According to experts at the Ludwig Maximilian University of Munich (LMU), almost every second dog in Germany suffers from obesity. This often develops gradually, so dog owners often react late. Obesity in dogs is a serious problem that can have a significant impact on the dog's life.

Since obesity in dogs is often associated with other health problems, a veterinarian should be consulted before starting a diet. He will examine the dog thoroughly and discuss the next steps with the owner.

Obesity can have many causes - for example, neutered dogs have lower energy consumption due to hormonal changes and can therefore gain weight more quickly. In general, a lack of exercise or incorrect feeding (such as too much food) contribute to obesity.

When is my dog ​​too fat?

Your veterinarian can tell you your dog's ideal weight based on breed, age, gender, etc. If he is 10% to 15% above his ideal weight, he is classified as overweight. But even a simple check at home can give you an idea whether your dog has too much on his plate.

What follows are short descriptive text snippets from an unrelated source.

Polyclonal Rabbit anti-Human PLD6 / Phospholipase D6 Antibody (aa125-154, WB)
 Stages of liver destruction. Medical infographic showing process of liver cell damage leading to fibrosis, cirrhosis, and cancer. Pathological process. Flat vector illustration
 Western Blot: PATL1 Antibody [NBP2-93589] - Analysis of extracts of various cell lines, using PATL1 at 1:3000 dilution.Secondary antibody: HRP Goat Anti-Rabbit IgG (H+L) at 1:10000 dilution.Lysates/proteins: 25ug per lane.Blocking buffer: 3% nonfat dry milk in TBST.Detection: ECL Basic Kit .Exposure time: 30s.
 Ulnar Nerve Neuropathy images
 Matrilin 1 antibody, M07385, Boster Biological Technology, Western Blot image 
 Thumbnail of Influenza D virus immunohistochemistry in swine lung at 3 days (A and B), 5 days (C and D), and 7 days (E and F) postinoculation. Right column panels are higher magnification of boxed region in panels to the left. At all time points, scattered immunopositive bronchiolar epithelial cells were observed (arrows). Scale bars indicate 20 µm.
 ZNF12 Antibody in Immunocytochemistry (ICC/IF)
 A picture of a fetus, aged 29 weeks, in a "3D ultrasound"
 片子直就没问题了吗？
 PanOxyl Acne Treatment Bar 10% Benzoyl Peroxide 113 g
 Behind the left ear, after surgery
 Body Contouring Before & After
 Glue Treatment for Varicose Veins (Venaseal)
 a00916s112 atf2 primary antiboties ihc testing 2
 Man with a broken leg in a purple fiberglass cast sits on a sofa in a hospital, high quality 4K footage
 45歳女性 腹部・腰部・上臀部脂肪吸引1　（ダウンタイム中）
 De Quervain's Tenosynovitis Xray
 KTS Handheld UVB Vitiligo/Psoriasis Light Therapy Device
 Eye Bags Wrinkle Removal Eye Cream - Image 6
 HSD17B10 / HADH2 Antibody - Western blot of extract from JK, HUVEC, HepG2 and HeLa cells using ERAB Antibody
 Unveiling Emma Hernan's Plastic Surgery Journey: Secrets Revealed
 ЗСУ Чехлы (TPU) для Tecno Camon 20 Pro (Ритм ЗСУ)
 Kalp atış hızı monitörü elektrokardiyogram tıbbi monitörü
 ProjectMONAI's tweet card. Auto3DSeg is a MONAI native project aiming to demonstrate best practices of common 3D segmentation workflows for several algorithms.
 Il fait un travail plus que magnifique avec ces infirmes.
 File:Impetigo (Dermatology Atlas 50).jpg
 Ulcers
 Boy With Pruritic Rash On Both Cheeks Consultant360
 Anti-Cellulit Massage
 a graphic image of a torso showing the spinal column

  1. Does your dog have a visible waist?
    Look at your dog from above or from the side: is his waist clearly visible? If you stroke its flanks with both hands, the body behind the chest should become narrower again.
  2. Are your dog's ribs palpable?
    Your dog's ribs should be palpable even with light pressure. A small layer of fat in this area is completely normal, but the ribs should be able to be felt with your fingers without strong pressure.
  3. Does your dog have fat deposits on his back and at the base of his tail?
    Run your hand lightly over your dog's spine. If you find it difficult to feel the individual vertebrae, this may mean that fat deposits have already accumulated there.

What are the consequences of being overweight in dogs?

In addition to the obvious consequence of restricting your dog's movements, there are other reasons to put your dog on a diet. The premature wear and tear of joints (arthrosis) is one of them, but a whole range of other problems can also occur:

  • Diabetes mellitus
  • constipation (constipation)
  • Cardiovascular/respiratory diseases

A change in behavior often occurs as a result of being overweight. This manifests itself in increased lethargy and reluctance to move. This means they get out of breath more quickly and need to take breaks more often when going for a walk.

Age-related reduced energy requirements and the associated limited ability to exercise (due to osteoarthritis) must also be taken into account in the feed ration in order to avoid obesity.

Excess weight in puppies also quickly affects their joints: too much food causes them to grow too quickly and does not give the joints enough time to develop and solidify in peace.

How does the dog get rid of its excess weight?

The rule of thumb applies to dogs and humans alike: in order to lose weight, you have to burn more calories than you consume. Therefore, the food should be as high quality as possible (with a high meat content) and low in calories. Unnecessary filling products such as grains or sugar should be avoided entirely .
When it comes to losing weight, it all depends on the owner - the whole diet depends on you!

  • With the help of your veterinarian, create a diet plan that lists intermediate goals - these can be important in reminding yourself again and again why you shouldn't give in to the pleading puppy dog ​​look.
  • Weigh your dog regularly to monitor weight progression.
  • A lot of exercise is fun for your dog, distracts him from eating and contributes significantly to weight loss. Play and walk as much as you and your dog can and enjoy.

By the way: If you feed snacks , they should be deducted from the daily food ration. Dry food is feed concentrate from which a large part of the liquid has been removed. It is more energy-rich than wet food and should therefore be dosed very precisely.